The function of adiponectin is to regulate the oxidation of fatty acids, which results in positive effects on homeostasis of energy metabolism, in addition to stimulating cytokines that act in physiological and pathophysiological processes, inhibiting pro-inflammatory cytokines, such as TNF-α and IL- 6. Adiponectin also contains properties of stimulating IL-10, which act to protect cells from apoptosis, induced by inflammatory cytokines (YANAI; YOSHIDA, 2019; DI ZAZZO et al., 2019). The realization of the cytokine induction and inhibition mechanism occurs through the signaling of its receptors AdipoR1 (this is highly expressed in skeletal muscle) and AdipoR2 (which is more restricted to the liver). The discovery of these receptors occurred from cells transfected with a complementary DNA (cDNA) of human skeletal muscle, using a recombinant agent in the globular form of adiponectin (FANG; JUDD, 2018; YANAI; YOSHIDA, 2019; MAEDA et al, 2020).

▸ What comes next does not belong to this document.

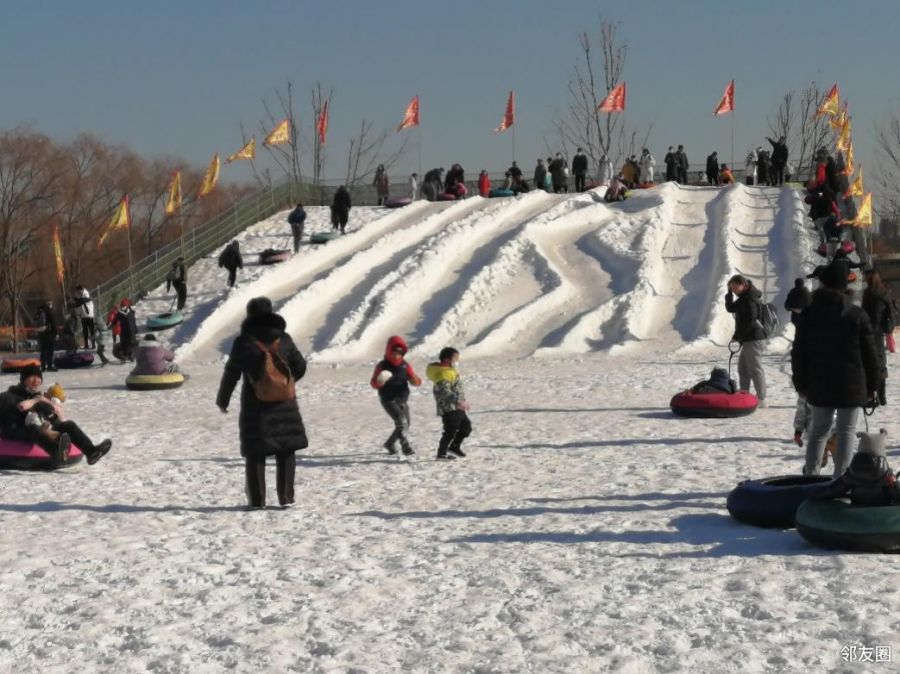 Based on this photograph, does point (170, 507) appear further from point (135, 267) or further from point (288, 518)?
point (135, 267)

Emanuele et al. (2011) believe in the hypothesis that adiponectin expressed in subcutaneous adipose tissue (SAT) may play a role in the pathogenesis of cellulite. In this sense, they compared the levels of gene expression of adiponectin in the TAS taken from cellulite in the gluteal region with the levels in the TAS taken from the same region in women without cellulite. Plasma levels of adiponectin were also measured in women with and without cellulite. The study included 30 women, 15 thin with cellulite (BMI < 25 kg/m 2) and 15 without cellulite matched for age and BMI. Real-time reverse transcription polymerase chain reaction (RT-PCR) was used to assess adiponectin.
Adiponectin messenger RNA (mRNA) expression in the gluteal SAD was significantly lower in areas with cellulite compared to those without. However, plasma levels of adiponectin did not differ between women with and without the manifestation of this condition. It can be concluded that adiponectin expression is significantly reduced in SAD in areas affected by cellulite.
CONCLUSION
Cellulite is a complex, multifactorial disorder of the subcutaneous fat layer and the overlying superficial skin. On the other hand, adiponectin, a hormone derived from adipocyte produced by subcutaneous fat, has important protective anti-inflammatory and vasodilator effects, and may play a key role in the pathogenesis of cellulite. It is believed that cellulite, being multifactorial, can be caused, among other factors, by the reduction in the production of adiponectin by the subcutaneous tissue.
We commonly receive similar patients, many of whom are being monitored by nutritionists and are using supplements that help with body definition, with fat loss. There is general satisfaction with the body, thighs and abdomen, however, as the female gluteal region has a large percentage of fat, its size ends up decreasing drastically when the percentage of fat is reduced (although the appearance of cellulite may improve), in a level greater than the volumetric gain of the gluteus maximus, medius and other muscles, and this ends up causing even greater dissatisfaction in this region, leading many nutrologist colleagues to indicate to patients the replacement of the lost volume with fillers, since these patients would also not have the possibility of carrying out treatments with liposculpture, due to the presence of too few fat for fat grafting. In the case above, intramuscular volumetry was associated, with a total of 200 ml of Biosimetric® 30% on each side, in two steps, associated with the Goldincision® method, improving the general quality of the skin, restructuring the collagen, and implementing the circulation and the local metabolism.